4.7.03: As I was chewing my nails down to the quick in the top of the
ninth inning of Saturday's 2-1 loss to the Orioles, my phone rang.
To my surprise, the plaintive voice on the other end was not a fellow Red
Sox fan, but rather that of a Mets fan who had confidently included Pedro
Martinez on a three-team parlay.
"What the hell is he doing?" my bewildered buddy asked, echoing the
question I myself was screaming at the screen.
With nobody out and runners on first and third courtesy of the
spectacularly wild Jorge Julio, Grady Little had Bill Mueller attempt a
straight sacrifice to move the runner on first into scoring position.
Here was a pitcher who was struggling mightily to register a single strike
and Grady was offering him an entire out. I couldn't believe it. Julio
was throwing almost 100 miles an hour with movement and was all over the
place and our idiot skipper puts on the bunt. I know Grady Little didn't
play in The Show, but he did play baseball at some point in his life,
right? Yet clearly, in that moment, ninth inning of a one-run game - that
familiar setting where he does his worst work - Grady clearly couldn't
grasp that Julio was far more likely to advance the runner on first via
another walk than he was to throw a pitch that could be easily bunted.

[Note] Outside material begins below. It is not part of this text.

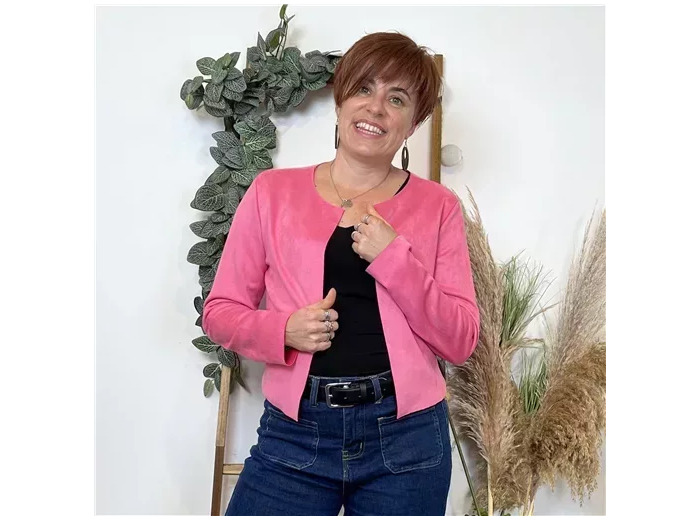 L205- Veste courte suédine (T38-T44) (fuchsia)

Mueller predictably - to me and my friend - popped a bunt attempt foul
before striking out.
Lost in the tortured welter of lament about our terrible bullpen - and it
is terrible - is that the manager is still awful. I mean, if you saw a guy
in a pickup softball game slap a groundball to shortstop and then run
directly to third base, you'd say, "Wow, this guy doesn't know how to
play." Well, guess what, when a manager watches Ramiro Mendoza yield a
line drive single, a line drive double, a line drive sac fly, a line drive
out, a line drive single, a line drive single and a line drive single and
opts to leave him in with the tying run on first, he doesn't know how to
manage. And then when Mendoza gives up a booming double and is saved only
by a great relay and a generous call all Gomer Grady can offer is some
asinine bromide about winning the game or how bravely John Burkett
battled.
Can you imagine a more combustible combination? This bullpen being
handled by this jackass. Oy. We teach children not to play with matches
but part of that deal, of course, is to provide them with other toys. The
front office has left a child-like huckleberry with nothing to play with
but matches, kindling and lighter fluid. It's almost cruel.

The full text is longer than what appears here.